TV producer Da-Hye lived through a miserable childhood. Her parents fought all the time and finally divorced. Da-Hye then found her prince charming and was engaged to marry him. Then on a rainy night, the day before her birthday, Da-Hye’s friend Ji-Suk calls and asks for a ride from her fiance. When her fiance arrives, he finds out that Ji-Suk has already gotten a ride from his sister Ji-Min. As Da-Hye’s fiance walks back to his car he is hit by a motorcycle. The driver of the motorcycle then turns around and fatally runs over her fiance. One year later, Da-Hye has forgiven the teenager who killed her fiance. She believes that he still has a chance to turn his life around and it’s better to just move on. Da-Hye has quit her TV job and is now working on a documentary about forgiveness requested by the Catholic Church. During the shooting of the film, Da-Hye thinks back to the teenager who killed her fiance and starts to have doubts on whether she should have forgiven the boy so easily. Da-Hye burdened with this doubt seeks out the boy to see how he is now living.

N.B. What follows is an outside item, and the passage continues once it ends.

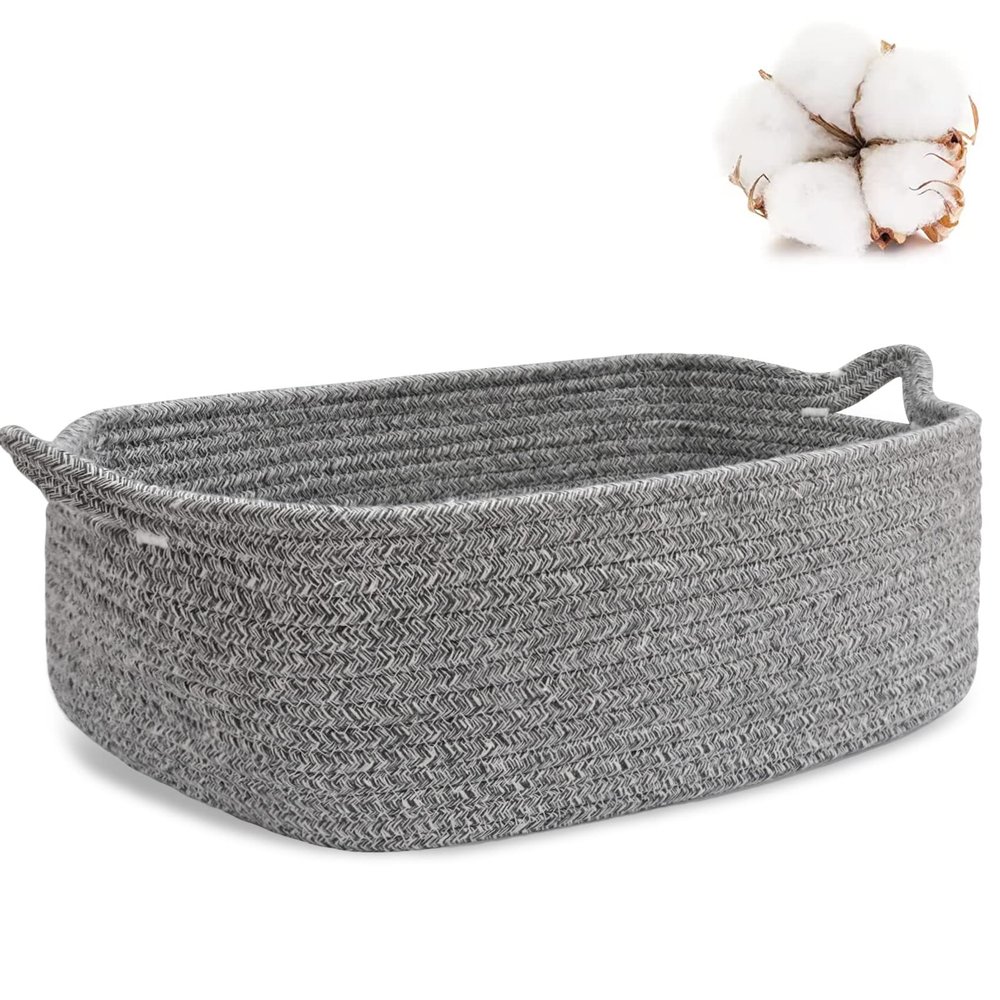 ABenkle Small Storage Basket with Handles, Cotton Rope Woven Dog Cat Toy Bin, Decorative Shelves Closet Organizing for Nursery Laundry Bedroom Bathroom, 14.2''x 11''x 5.1''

Dealing with the notion of forgiveness is perhaps one of the most difficult experiences for human beings to face. It can shape an entire ideology of a nation, communities, families, and perhaps most importantly, the individual. We all have faced this obstacle of forgiveness at some point in our lives; some being rudely defiant until the end while others gracefully allowing time for healing to occur. Director Lee Jeong-Hyang’s A Reason To Live focuses on such a heavy subject, detailing the emotional and psychological conflicts that arise when we begin to question what being able to forgive truly means in regards to a terrible wrong that has been committed against us or the ones we care for. The film explores this subject through a variety of circumstances that showcase the diverse range of what forgiveness means to different individuals—but does it succeed?

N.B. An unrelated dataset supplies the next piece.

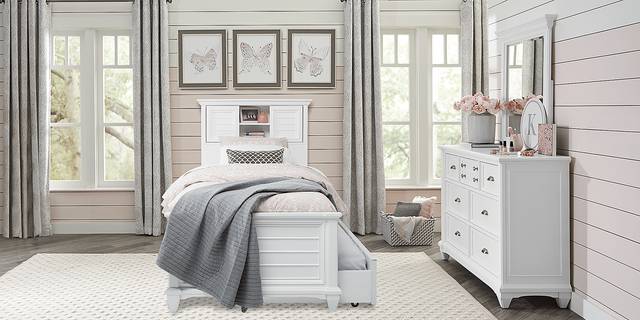 Kids Hilton Head White 5 Pc Twin Bookcase Bedroom - Thumbnail - Image 1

On paper, A Reason To Live sounds like a film that can significantly address the idea of absolution in a mature and genuine fashion, and for the most part it does. The premise is certainly interesting, covering a universal human quality that can easily be expounded upon in a variety of unique ways—but therein lies the unfortunate nature of the film as a whole. A Reason To Live remains conflicted as to how it is to explore such a serious question as forgiveness, allotting much of its time towards characters that don’t receive much resolve by the film’s end. The film doesn’t really paint the issue of forgiveness as ambiguous in nature, rather deciding to lean more towards forgiveness as an action to be avoided if possible, or worse, suggesting that it be only applicable to those too ignorant enough to follow through with it.

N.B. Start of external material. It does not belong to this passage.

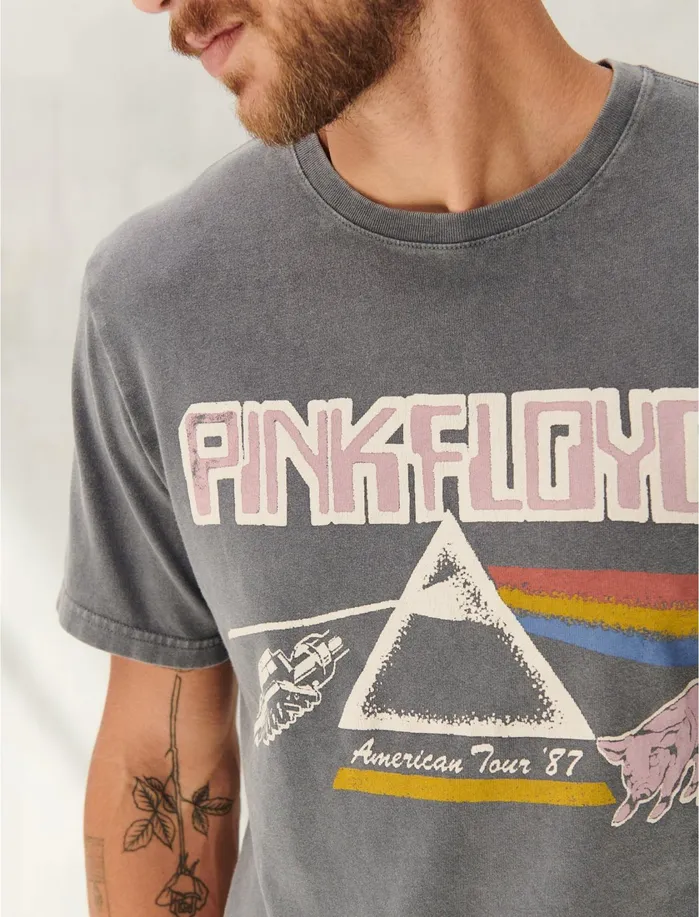 Graphic Tees Men Lucky Brand Pink Floyd Triangle Tee Gargoyle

While the film spends much of its time on the plight of Da-Hye—played by the miscast Song Hye-Kyo—and her dealing with forgiving her fiancés murderer, in an ironic twist the characters she’s interviewing in the film showcase far more substance as damaged individuals than she does. She seemingly floats throughout the narrative, not showing much depth or development as the protagonist and appearing somewhat detached from it all. It doesn’t help that the archetypical church staff that help her along the way simply suggest “she forgives because God forgives,” which totally situates the difficult issue as something simplistic, easily understood, and not as complicated as it truly is. The same can be said of Ji-Min (played by Nam Ji-Hyun), a young teenager who’s constantly questioning Da-Hye’s journey towards forgiveness, which just becomes utterly tiresome and cruel after awhile. This approach doesn’t bode well with the remainder of the film, and the two show very little chemistry nor likeable towards one another, which brings into question further why these characters continue to hang around together.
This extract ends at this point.